Daniel Foote n’a pas changé de position et continue de dénoncer, lors de son intervention devant le congrès américain, la façon dont les États-unis appliquent leur politique en Haïti.

A la question du congressman Chris Jacobs, lui demandant s’il y a d’autres raisons au-delà de l’immigration qui a conduit à sa démission, Daniel Foote explique : « la cause première est que les Haïtiens ont l’impression qu’ils n’ont pas eu la chance de choisir leurs propres dirigeants politiques. La communauté internationale intervient toujours. Si nous soutenons leurs solutions, les choses iront beaucoup mieux. L’élite politique a violé le pays », répond l’ancien envoyé spécial qui critique l’administration Biden de soutenir le premier ministre Ariel Henry.

« Quand j’ai élucidé le problème au Département d’État, cela ne devait pas arriver. Mais, nous avons eu un désaccord sur la politique et sur la position de l’ambassade américaine à Port-au-Prince (qui supporte Ariel Henry) », poursuit l’ambassadeur Daniel Foote qui explique au congressman Mike Levin que les États-unis soutiennent le premier ministre Ariel Henry à travers le Core group.

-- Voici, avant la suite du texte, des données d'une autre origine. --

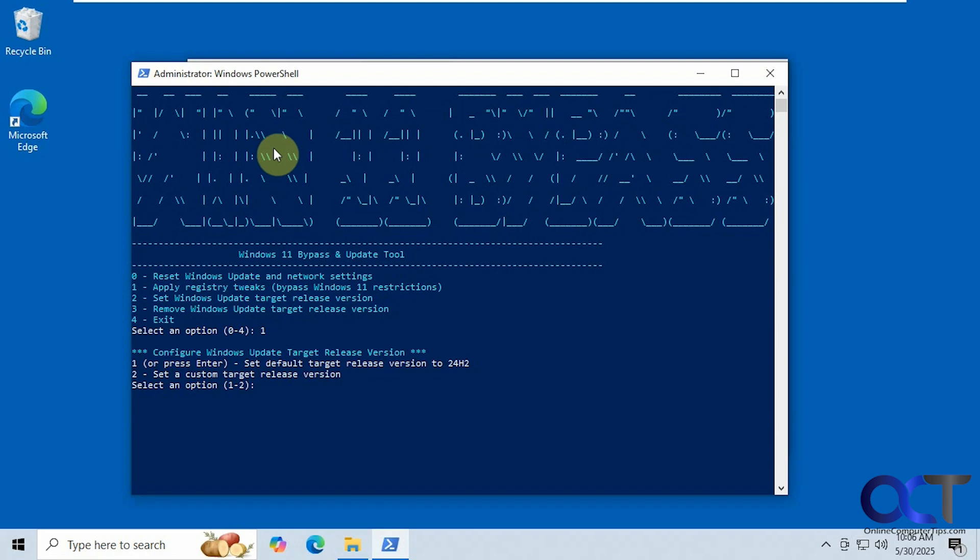I have not tried option number two so I'm not sure how well that will work. So this script was found on GitHub from a guy called win11mod, or that's his username, so he made this thing.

Selon Foote, un changement du gouvernement  est risqué pour les États-Unis, (l’administration Biden).

Le diplomate Daniel Foote indique que les différentes « interventions politiques américaines en Haïti n’ont jamais fonctionné ». « J’ai vu cela se développer en temps réel après le séisme de 2010. Je me sens responsable, affirme M. Foote. Nous avons toujours privilégié la stabilité aux causes profondes de l’instabilité en Haïti ».

Dans ce contexte, Daniel Foote raconte qu’il faut une solution haïtienne aux problèmes d’Haïti non celle de l’administration américaine. « Nous ne savons pas comment réparer Haïti. Nous avons besoin d’Haïtiens dans la salle, nous avons besoin de solutions haïtiennes. La dernière fois, en 2010, l’essentiel de l’argent est allé à de grandes ONG américaines basées à Washington », déplore l’ancien envoyé spécial en Haïti.

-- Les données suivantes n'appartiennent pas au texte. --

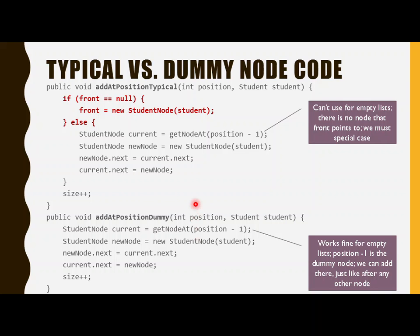So when you're traversing, when you're counting, things like that, you just have to remember you're always going to start over one. So that makes a lot of sense. So hopefully that is something that's resonating with you. If not, again, take a look at it, come back, go and look at some sample code in different ways that use dummy nodes and that don't.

A partir de tout cela, Daniel Foote souhaite faire comprendre aux représentants du congrès que les États-unis doivent laisser les Haïtiens décider de l’avenir de leur pays, et doivent cesser en ce sens d’appuyer Ariel Henry dont la communauté internationale a fait premier ministre. « Les Haïtiens voient cela comme une ingérence et ne sont pas contents. Et, ils ne voient pas le gouvernement actuel comme crédible », déclare le diplomate Foote.

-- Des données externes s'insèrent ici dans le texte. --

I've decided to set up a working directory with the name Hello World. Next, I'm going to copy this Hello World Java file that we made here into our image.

Soutenant les démarches de la commission de la société civile en Haïti, Daniel Foote confirme que « les groupes sont très proches d’un accord (plus large), tant que les États-Unis n’insistent pas sur l’implication d’Henry ». « j’espère que les États-Unis cesseront de soutenir le gouvernement Henry », a lâché l’ambassadeur Daniel Foote.